Has anyone implemented TRILL?
Do you mean the likes of HP and Force10 that have been talking about TRILL for years? They’re still living in the TRILL promiseland.
I might have missed a vendor launching a TRILL-like solution, but so far I’m aware of only two vendors with something remotely similar to TRILL: Cisco’s FabricPath (which, like TRILL, uses IS-IS, but has its own encapsulation format) and Brocade’s VCS Fabric (which uses TRILL packet format and a proprietary version of FSPF as the routing protocol).
Summary: Nobody has implemented the core TRILL standards in a way that would have a remote chance of being interoperable with anyone else.
Is TRILL useful?
You haven’t been reading my blog lately, have you?
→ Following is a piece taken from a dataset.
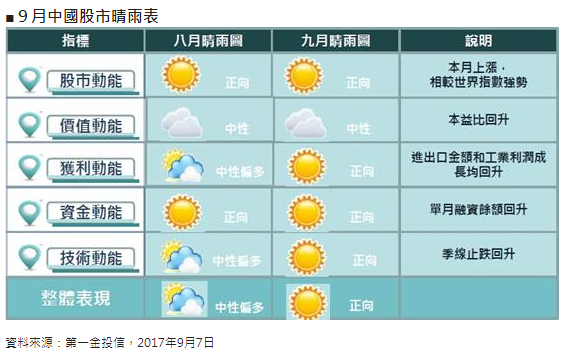 9月中國股市晴雨表。(資料來源：第一金投信整理提供)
Why don’t you start with Does TRILL make sense at all?
The original RBridges idea Radia Perlman had (assuming I understood it correctly), which would effectively turn an IP subnet into a CLNP-like IS-IS area, would be interesting (more so if the RBridges would have enough IP awareness to act as ARP proxies and reduce the broadcasting). Unfortunately her simple idea deteriorated in the TRILL working group as soon as networking vendors started slapping all sorts of VLAN-related concoctions on top of it (watch her reaction in this GoogleTalk video when someone asks a VLAN-related question).
TRILL would have been useful five years ago. As things stand right now, the primary use case (large VLAN-based virtual networks within a data center) will no longer be relevant well before we’ll see two interoperable TRILL implementations.